And then Jerry went home to watch Jim Shorts:

Leon Rose's New York Knicks were supposed to be the team which made a winner out of Tom Thibodeau. Thibs wasn't supposed to be just another coach Dolan paid to go away.

But Dolan never liked him, and what Thibs represented, Riley and Van Gundy and all that. So the Knicks made the team to Tom's specifications, setting him up to fail. Never let a coach line the locker room.

This is Leon Rose's very good basketball team, make no mistake, but Rose didn't pull gut strings together long enough to tell his boss that there was nobody out there but Mike Brown, an able replacement who will make James Dolan wish for Tom Thibodeau in many ways. And that Mike Brown may deliver a title or he may not but he definitely will be a coach whom the Knicks will pay not to work someday.

Instead of developing a bench for Thibodeau, approximating the sorts of rotations winning third rounds out in Oklahoma City and Indianapolis, the Knicks let Thibodeau trip with his same ol' line. The passive/aggressive streak is painful, New York set up a ceiling for Thibodeau to meet the concrete he cracked with Chicago, Minnesota. Everyone put in effort but nobody challenged themselves, nobody showed the sort of strength they always talk about in press releases and on those stupid t-shirts, doing it for the borough.

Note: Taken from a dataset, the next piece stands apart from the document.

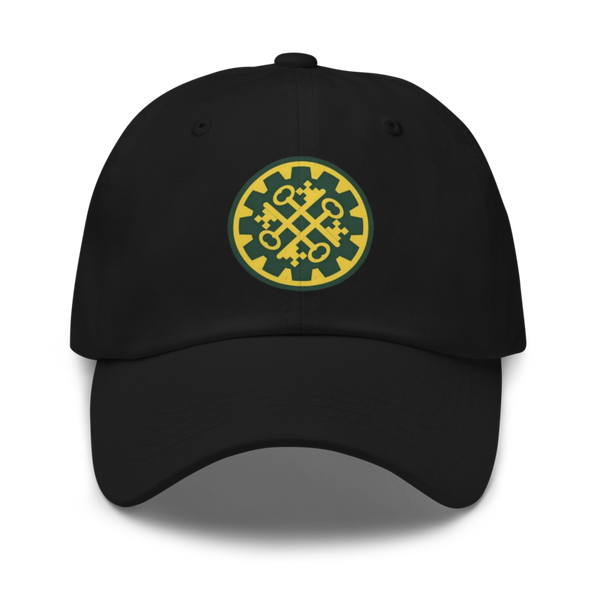 Dad hat - Black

Not once did James Dolan reflect upon the idea that, dunno, maybe he's been wrong about these coaches before. Not once did Leon Rose stand up to his boss on behalf of the man Rose and Dolan brought in to lead the Knicks, a franchise they supposedly bleed over.

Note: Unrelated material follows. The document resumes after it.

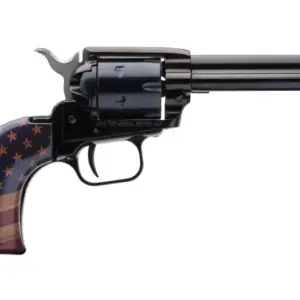 HERITAGE MANUFACTURING 22LR GOLD FLAG 4.75" FS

Surely Rose already stood in front of a dozen would-be Thibodeau firings, those were easy, stopping this one would risk his job. As it was with every Knick GM but Phil Jackson – who squinted and looked down and told Dolan and Irving Azoff where to go and hang their hats – the Knick GM in charge was more in love with being Knick GM than taking the risks needed to Go and Move the Knicks toward a title.

Hey, maybe Leon Rose really thinks three or four or five, six or seven or eight different candidates were better than Tom Thibodeau. There is absolute value to the idea that any orthodox coach would be an improvement over Thibs, whose previous replacements were two guys who haven't coached in the NBA since.

Well, welcome to the archetype: Mike Brown, played a little in college, video room dork, ex-Pop, two decades as NBA head coach with three teams, coaching 90 playoff games.

New York's Knicks worked up 72 postseason appearances in the same span, not nearly as many playoff receipts to toss in Dolan's fedora.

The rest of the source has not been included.